The topic was about how high frequency equity trading was destroying the financial markets. The solution to solve the problem, as outlined in the interview, is fascinating…creating a platform were people can trust to trade.
Although as we sit here in 2014 the markets are at an all time high, confidence in the financial institutions is at an all time low. Stock ownership has declined dramatically and given that we live in a capitalistic society this should shock many people. The underpinnings of what makes our society tick… free enterprise, risk taking, entrepreneurship… are being taken advantage of and corrupted by the financial marketplace; these risk takers are shunning the market where capital is being allocated.
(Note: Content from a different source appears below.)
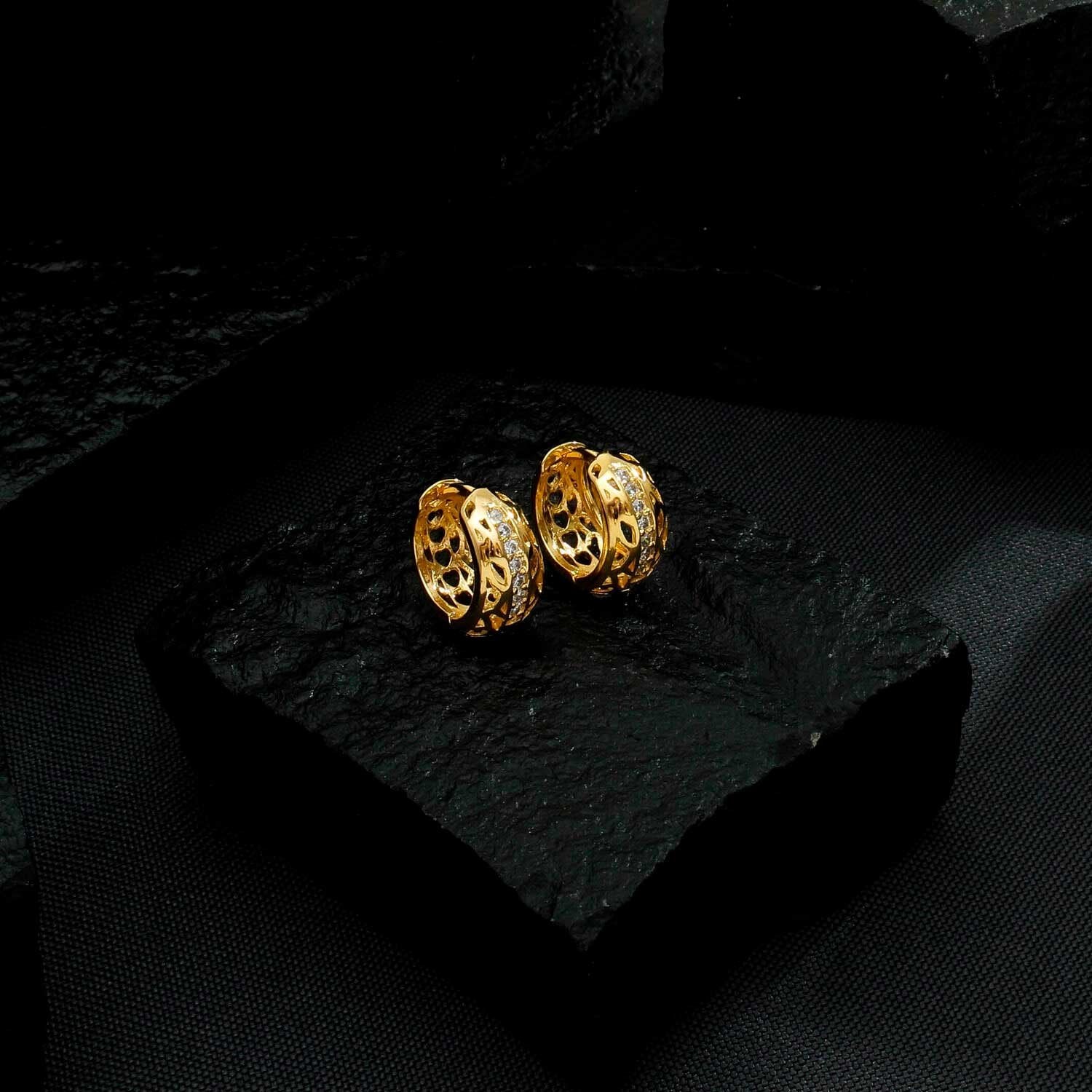 Gold Hoop Earring with Openwork Zirconia Stones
Over the last 20 years or so stock exchanges have traded humans for machines. I would venture to say that over 90% of all stock exchanges are now electronic. So, now, when you place an order to purchase a stock that order is being handled by a computer not a person.
As this transformation has taken place, pure computer power and the speed of the fiber network has taken precedent over the ability to allocate capital efficiently. High frequency traders over the last 5 years have built these highly complex algorithms to trade and can now execute trades in milliseconds for fractions of a penny. So by the time “Joe Investor” can execute a trade, the high frequency trader can buy and sell that same stock to “Joe Investor” at a slightly higher price and make money off of his order.
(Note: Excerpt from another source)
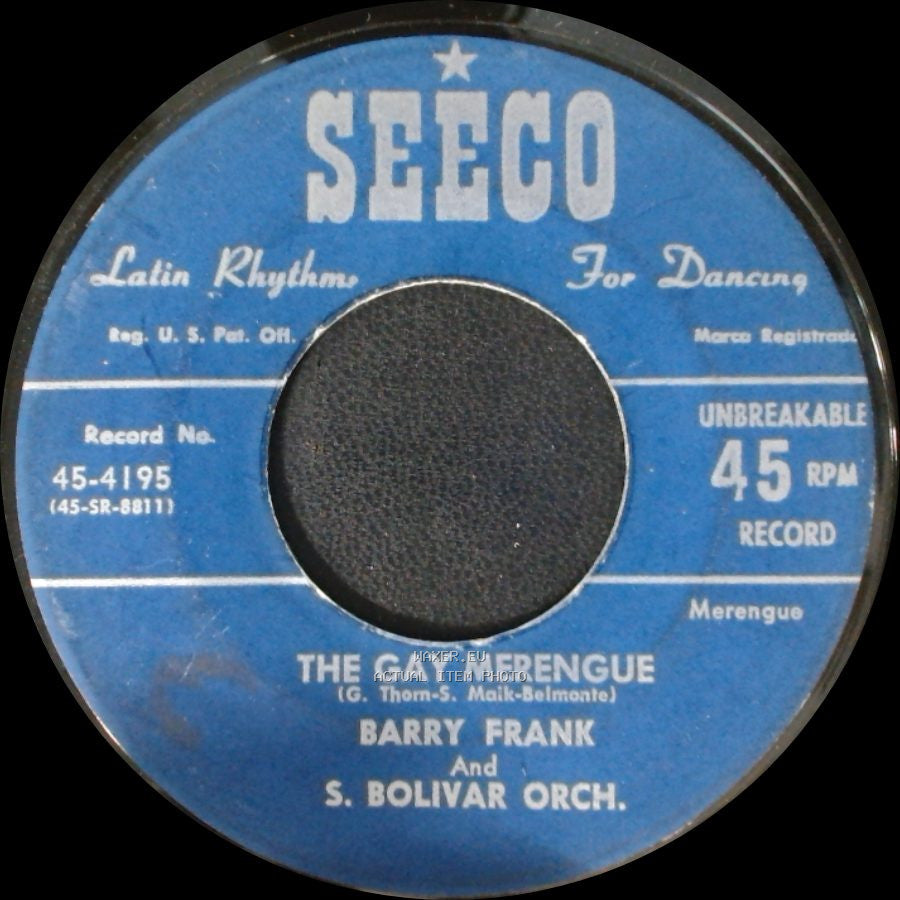 Barry Frank And S. Bolivar Orch. - My Cocalita / The Gay Merengue side B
Here is an example in practical terms: Say that you wanted to go to the Dolphins game in Florida and saw 4 tickets on stub hub for $20 each each. You decided to buy the 4 tickets but were only successful at buying 2 tickets at $20.00 each. The remaining two tickets, those same additional 2 tickets that you tried to buy minutes before, are now trading at $25.00 each. Why? Because the system recognized your order and filled only 1/2. Then, it raised the price on the other 2 tickets. Since you really need the 2 extra tickets, you buy the last 2 tickets for $10.00 more per ticket.
This example is the same thing that’s happening on Wall Street. High frequency traders can see your order before it gets executed. Then they buy that same stock and sell it back to you for a slightly higher price. The practice is called “front running.” Normally front running is illegal. However, on Wall Street, the way that high frequency traders are doing it…its legal.
A trader from Royal Bank of Canada spent the last 5 years uncovering the problem, detailing it and alerting investors to the pitfall. He subsequently started a new exchange, which brilliantly circumvents the high frequency trader’s edge by way of new software and complicated data routing. With his new exchange, people can trade stocks without the impact of high frequency traders there to rip them off. So far business has been good.
When asked why his business is doing so well he said “trust.” Really that is all that he’s selling. People trade on his system because they know that aren’t going to be ripped off. What a beautiful way to run a business. Do what you say you are going to do and people will come.